I have this ens1371 and it works perfectly since Fedora 11, with tsched=0 I upgraded to FC12, and started from scratch by wiping /etc/pulse and reinstalling all pulseaudio related rpm's. Now I was unhappily pleased to find pulseaudio over 100%CPU playing a radiostream in amarok. But pavucontrol was active, and after killing that, a short hick in the audio, music played further and cpu dropped to 1.4% I have to figure out how to stop pulseaudio, because it starts again as soon as killed, but "killall pulseaudio && pulseaudio -vvvvv" worked, and cycled after starting pavucontrol with: W: alsa-source.c: Resume failed, couldn't restore original fragment settings. (Old: 65536/65536, New 1073676288/65532) D: module-udev-detect.c: /dev/snd/controlC0 is accessible: yes D: source.c: Suspend cause of source alsa_input.pci-0000_02_0b.0.analog-stereo is 0x0000, resuming I: alsa-source.c: Trying resume... D: alsa-util.c: Maximum hw buffer size is 371 ms D: alsa-util.c: Set buffer size first, period size second. I: alsa-util.c: Device front:0 doesn't support 44100 Hz, changed to 44099 Hz. W: alsa-source.c: Resume failed, couldn't restore original fragment settings. (Old: 65536/65536, New 1073676288/65532) D: module-udev-detect.c: /dev/snd/controlC0 is accessible: yes D: source.c: Suspend cause of source alsa_input.pci-0000_02_0b.0.analog-stereo is 0x0000, resuming I: alsa-source.c: Trying resume... D: alsa-util.c: Maximum hw buffer size is 371 ms D: alsa-util.c: Set buffer size first, period size second. I: alsa-util.c: Device front:0 doesn't support 44100 Hz, changed to 44099 Hz. and so on and so on.... Good luck with further developments, I like your product!

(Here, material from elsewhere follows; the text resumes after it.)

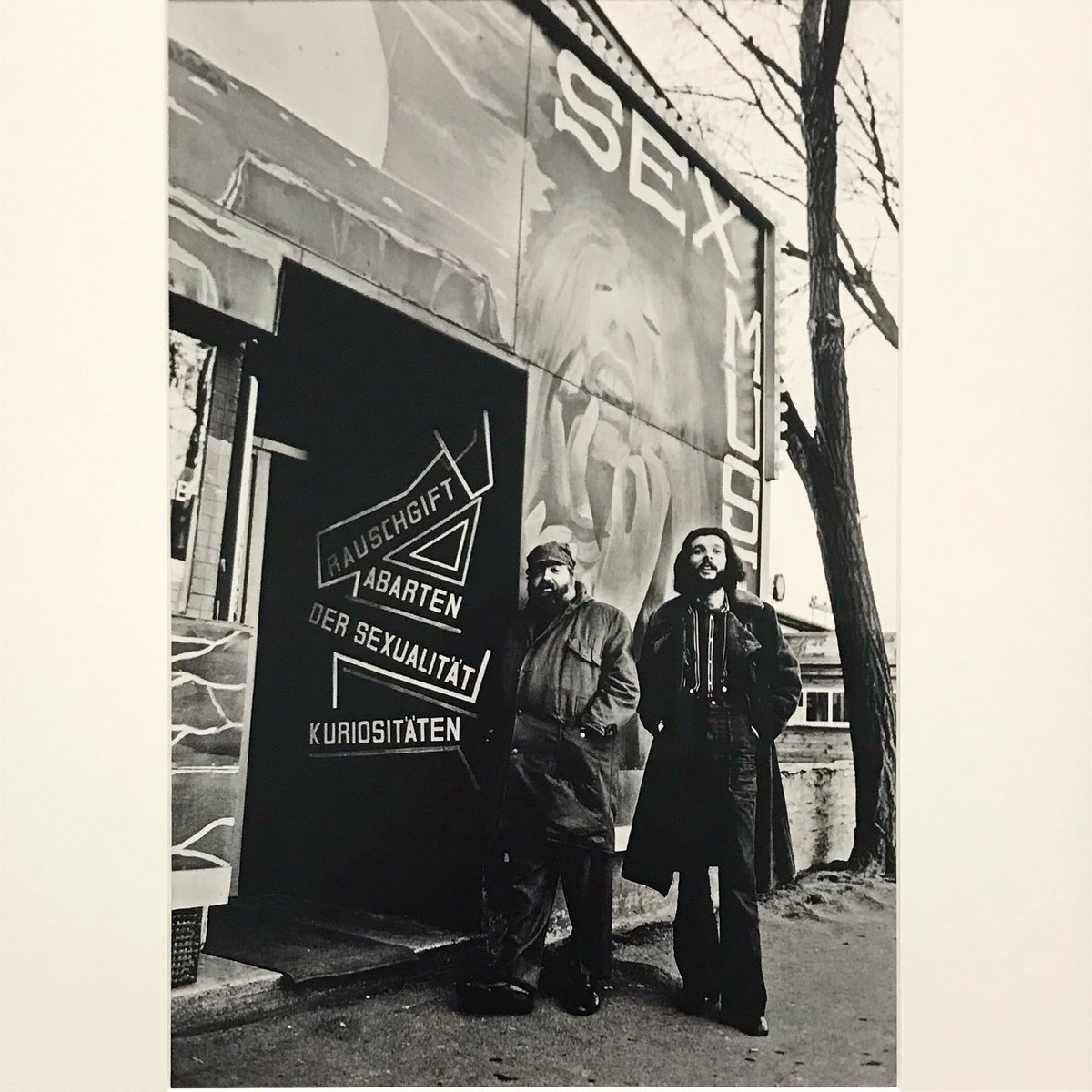 sseallaph's tweet photo. Austrians, Monographic Exhibition, Michael Horowitz, Albertina
*
#arnoldschwarzenegger #helmutqualtinger #andréheller #blackandwhitephotography #monographicexhibition #michaelhorowitz #albertina https://t.co/7gyoAUF7sR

I unloaded snd-ens1371 and renamed the module after unloading, leaving only the intel-8x0 internal soundcard. No problem with pavucontrol. The other way around, with only ens1371, the cpu usage jumps to 100% by starting pavucontrol. Seems again an issue with this card, but I can live with it. No problem at all playing music. Kind Regards,
One of my 3 sound devices is snd-ens1371 and of course I can't and don't use PulseAudio for anything besides volume control (well, that was in F11; in F12 it can't do even that) and I still caught PA taking 100% CPU, apparently because I've started "Sound preferences". Good job PA - the program that goes into infinite loop out of boredom :) Sorry for not using you PA, please take solace in this SIGKILL.
pulseaudio-0.9.21-1.fc12 has been submitted as an update for Fedora 12. http://admin.fedoraproject.org/updates/pulseaudio-0.9.21-1.fc12
pulseaudio-0.9.21-1.fc12 has been pushed to the Fedora 12 testing repository. If problems still persist, please make note of it in this bug report. If you want to test the update, you can install it with su -c 'yum --enablerepo=updates-testing update pulseaudio'. You can provide feedback for this update here: http://admin.fedoraproject.org/updates/F12/FEDORA-2009-12057
pulseaudio-0.9.21-1.fc12 has been pushed to the Fedora 12 stable repository. If problems still persist, please make note of it in this bug report.